PIF partner Bupa UK and member Mind have teamed up to help young people and their parents access resources to improve their mental health.

Independent analysis of popular teen TV programmes commissioned by Bupa found mental health issues are regularly portrayed in a negative light, potentially deterring young people from coming forward with concerns.  

More than 30 hours of programming was examined.

Analysts found mental health descriptors including 'crazy', 'mad', 'psycho', 'depressed' and 'insane' were used, on average, twice an episode.

Nearly half of mentions found to be dismissive, humorous or mocking.

The study, which also consulted parents of teenage children, raised concerns that these pop culture influences could be fuelling negative perceptions among young people. 

Parents confirmed their teens regularly misuse terms such as 'crazy', 'mad' and 'mental', which are also the most frequently misused in teen television. 

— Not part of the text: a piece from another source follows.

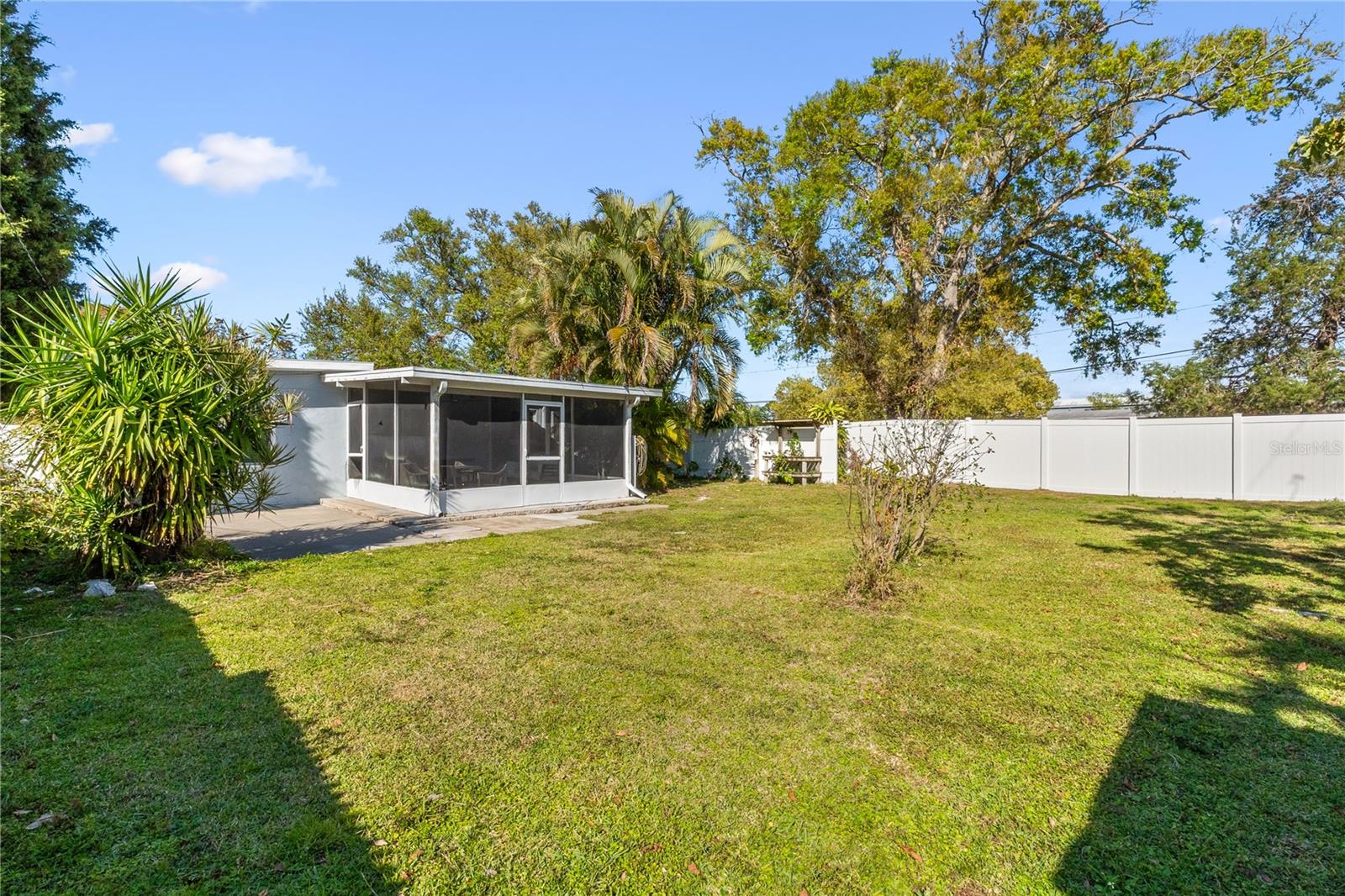 Listing photo id 27 for 1101 3rd Avenue Nw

Luke James, medical director for mental health at Bupa UK, said: “While featuring mental health in popular culture can build awareness, inaccurate representation could be creating negative stigmas and misconceptions of serious conditions.  

"Early diagnosis and access to treatment improves the long-term prognosis of mental health conditions, so it is essential young people are supported so they feel comfortable talking about their worries.”  

Struggling to separate fact from fiction

Half of parents believe their children’s knowledge of mental health mostly comes from popular culture such as social media, the internet, film and television.

One in seven (14%) are concerned their child struggles to separate fact from fiction when it comes to mental health in film and television. 

One in five parents (16%) suspect their children are hiding mental health symptoms due to embarrassment.

Research from Mind, shows one in seven young people now has a diagnosable mental health condition.

To help address the issue, the Bupa UK Foundation and Mind will be working together to offer young people and their families access to a new set of free and practical online information resources to help improve their mental health.

The aim is to reach 2.5 million young people and their families by the end of 2022.

Paul Farmer, chief executive of Mind, said: “We know young people experiencing mental health problems for the first time may struggle to know where to go for support. 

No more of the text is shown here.